I would like to know if somebody knows what's TLC? I saw a paph grower saying that his paph woluwense has a shallow root system that needs TLC.

Thanks!


----------



## The Mutant (Oct 11, 2013)

Time, Love and Care I think.


----------



## gonewild (Oct 11, 2013)

Tender loving care.


----------



## OrchidIsa (Oct 11, 2013)

Really!? 

Ok... thanks


----------



## Erythrone (Oct 11, 2013)

Je boude.


----------



## gonewild (Oct 11, 2013)

OrchidIsa said:


> Really!?
> 
> Ok... thanks



Beyond the exact meaning of the letters the phrase is used to say... the plant needs extra special care and attention compared to other plants.


----------



## OrchidIsa (Oct 11, 2013)

Oh, ok  So that's what I'll do...

Thanks gonewild!


----------



## Ray (Oct 11, 2013)

tetra lydro cannibanol


----------



## Ozpaph (Oct 11, 2013)

Ray said:


> tetra lydro cannibanol



That's THC......................................somewhat different but the end effect may be similar.


----------



## Secundino (Oct 11, 2013)

¿¿canniba??nol:rollhappy::rollhappy::rollhappy::rollhappy::rollhappy::rollhappy: stoned cannibals, thats fun:rollhappy::rollhappy::rollhappy::clap::clap:


----------



## jtrmd (Oct 11, 2013)

A music group from the 90s


----------



## Brabantia (Oct 11, 2013)

Thin Layer Chromatography


----------



## Erythrone (Oct 11, 2013)

Twins leading a camel ?


----------



## mrhappyrotter (Oct 11, 2013)

The Learning Channel, now with 80% more reality TV and infomercials!


----------



## jtrmd (Oct 11, 2013)

mrhappyrotter said:


> The Learning Channel, now with 80% more reality TV and infomercials!

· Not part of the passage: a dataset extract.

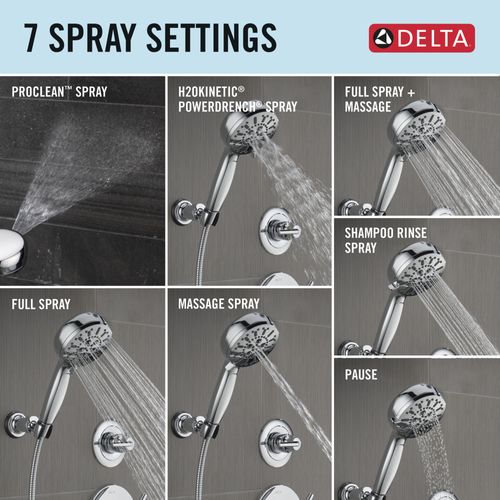 Main product image of 7-Setting Wall Mount Hand Shower with Cleaning Spray, 1.75 GPM (Lumicoat Chrome), 55884-PR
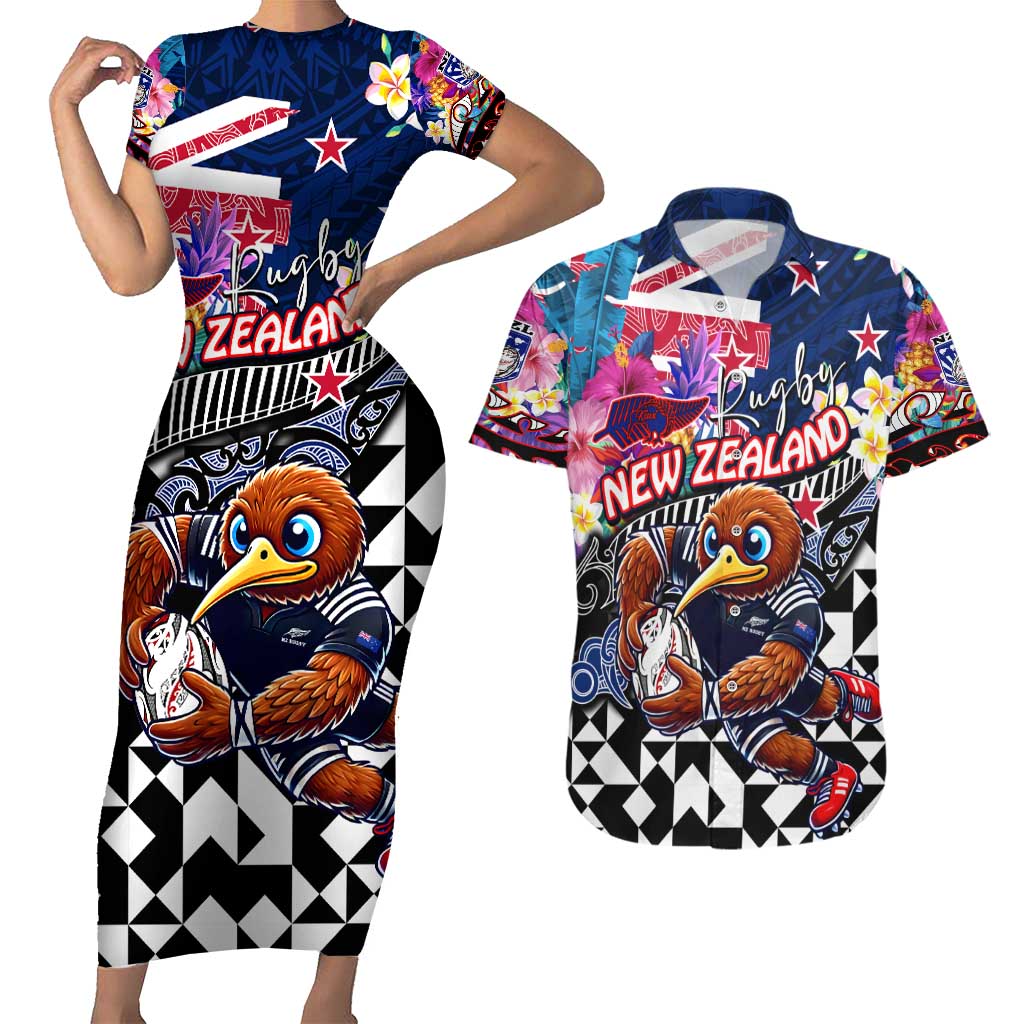 Personalized Kiwi New Zealand Rugby Couples Matching Short Sleeve Bodycon Dress and Hawaiian Shirt Kiwis Mascot Tropical Pattern DT02 Blue - Polynesian Pride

I think all the old ''Learning'' channels are like that now.I am really disappointed in how bad The History Channel is now.


----------



## abax (Oct 12, 2013)

Hijack! Mrhappy and jtrmd, you aren't alone in your disappointment. The
Discovery and History channels are soooooo off the mark. We still do have
the Science channel which seems to be interesting and informative...for
now. I do hope a lot of people are watching "Through The Wormhole with
Morgan Freeman".


----------